La Convenzione di Istanbul, una volta conseguito il numero necessario di ratifiche, è entrata in vigore il 1 agosto 2014.
Il Trattato ha per finalità la prevenzione e la repressione della violenza di genere, intesa come violenza contro il genere femminile e della violenza domestica, nonché l‘eliminazione di ogni forma di discriminazione delle donne e la promozione della concreta parità tra i sessi (art 1).
La Convenzione condanna la violenza sulla donna, alla stregua di una violazione dei diritti umani. La stessa condanna la discriminazione contro le donne che individua in tutti gli atti di violenza fondati sul genere, che provochino o siano suscettibili di provocare, danni o sofferenze di natura fisica, sessuale, psicologica o economica; comprese le minacce di compiere tali atti, la coercizione o la privazione arbitraria
della libertà, sia nella vita pubblica, che nella vita privata (art 2).
La violenza domestica, parimenti condannata dal Trattato in esame, è ivi identificata in “ tutti gli atti di violenza fisica, sessuale, psicologica o economica che si verificano all’interno della famiglia o del nucleo familiare o tra attuali o precedenti coniugi o partner, indipendentemente dal fatto che l’autore di tali atti condivida o abbia condiviso la stessa residenza con la vittima“.(art 2) Il Trattato in esame si prefigge di realizzare il proprio obiettivo istituendo una serie di obblighi per gli Stati aderenti. Tali ultimi devono adottare misure legislative coordinate, per contrastare il fenomeno della violenza di genere e devono procedere a periodici monitoraggi del fenomeno, mediante la raccolta dei dati statistici, afferenti tali crimini. Gli Stati devono, inoltre, compiere indagini sulla popolazione allo scopo di determinare la prevalenza e le tendenze di ogni forma di violenza di genere (art 11).

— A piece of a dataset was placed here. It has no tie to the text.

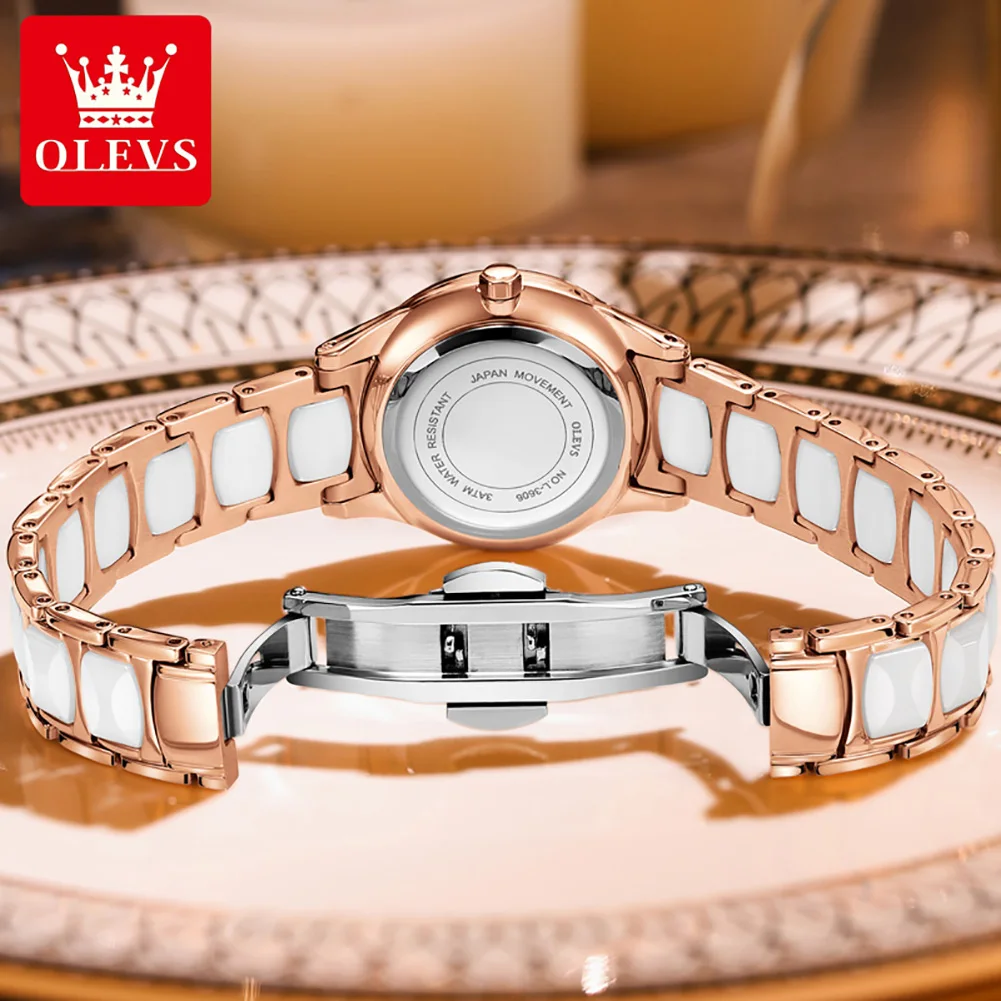 OLEVS Rose Gold Ceramic Japan Quartz movement Ladies Watch Elegant Fashion Luxury Luminous Valentine's Day Christma Gift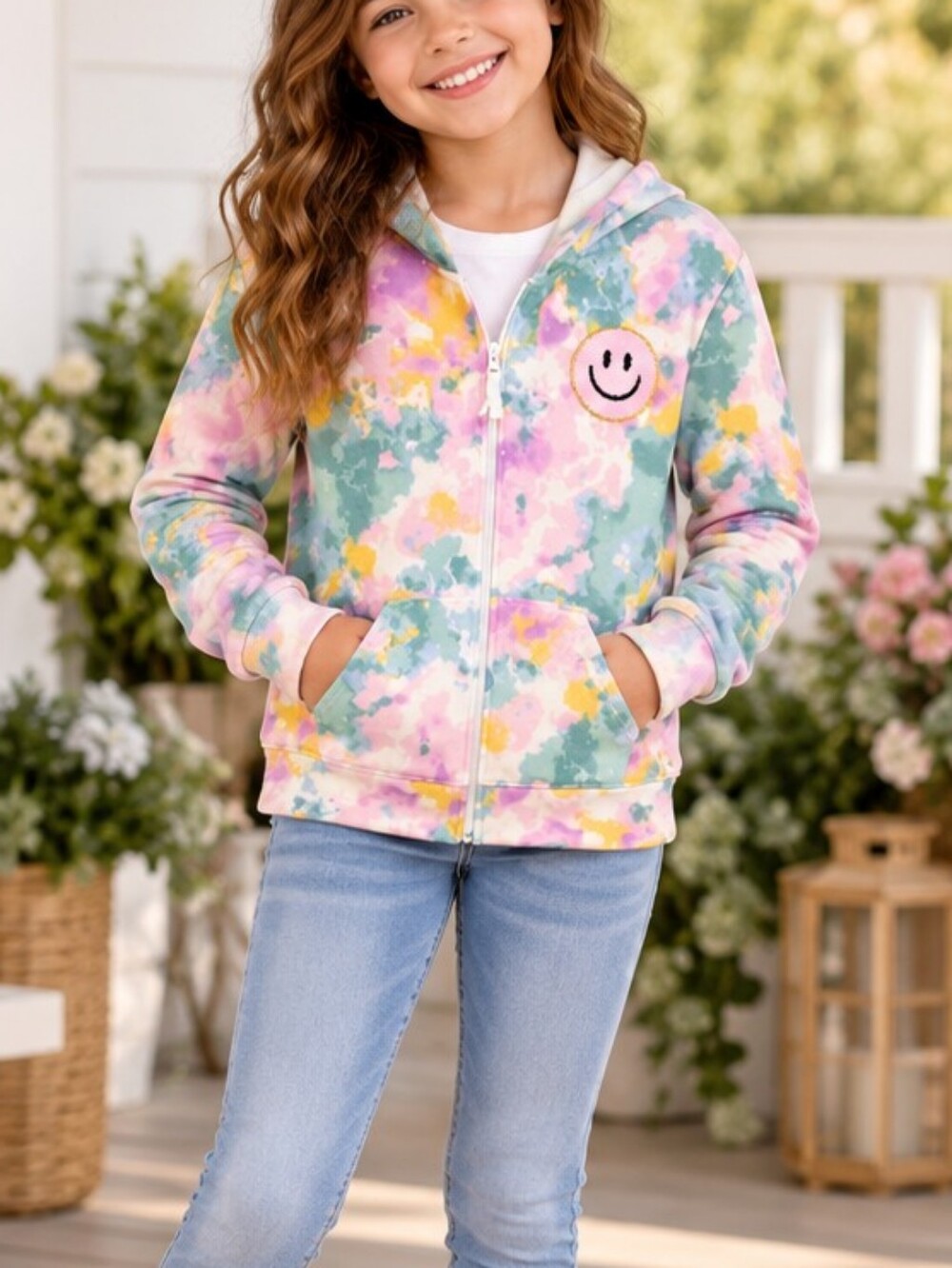 Cat & Jack Pastel Tie-Dye Smiley Zip Hoodie - Pink, Green, Yellow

Ogni Stato aderente comunicherà le informazioni ed i dati raccolti al gruppo di esperti sulla lotta contro la violenza nei confronti delle donne e la violenza domestica (G.R.E.V.I.O.). Tale ultimo è un organismo di controllo, creato dalla Convenzione allo scopo di vigilare sull’attuazione della stessa (art 66).
La Convenzione obbliga, inoltre, ogni Stato aderente ad attuare politiche interne, volte alla prevenzione dei reati di genere, mediante la promozione di cambiamenti dei comportamenti socio-culturali delle donne e degli uomini, al fine di eliminare pregiudizi, costumi, tradizioni e qualsiasi altra pratica basata sull’idea d’inferiorità della donna o su modelli stereotipati dei ruoli maschili e femminili (art 12).
La norma in esame dispone che gli Stati aderenti adeguino la propria legislazione interna in modo da punire, quali autonome figure di reato, determinate condotte violente ai danni delle donne.
Tali condotte sono, a mero titolo di esempio, gli atti persecutori (già puniti all’art 612 bis del nostro codice penale), la violenza sessuale (già punita dagli art 609 bis e segg del nostro codice penale), le mutilazioni genitali (punito dall’art 583 bis del vigente codice penale), l’aborto forzato (punito dall’art 18 L 194/1978), oltre al matrimonio forzato, la violenza fisica, psicologica ed anche economica contro le donne.
La Convenzione impone agli Stati firmatari di garantire alle vittime dei reati di genere un effettivo risarcimento del danno, patito.
La norma in esame impone agli Stati aderenti di vietare i metodi alternativi di risoluzione dei conflitti, tra i quali la conciliazione e la mediazione, in caso di violenza di genere (art 48).
Il Trattato valorizza l’importanza dei centri antiviolenza, impone agli Stati firmatari la creazione di rifugi per le donne vittime di violenza ed i loro bambini, nonché la creazione di apposite linee telefoniche, nazionali, gratuite per l’assistenza continuativa, 24 ore su 24, sette giorni su sette, al fine di dare immediato supporto alle donne vittime di violenza. In Italia, il servizio è esistente, già dal 2009, nella linea telefonica n 1522, creata su disposizione della Legge n. 38/2009.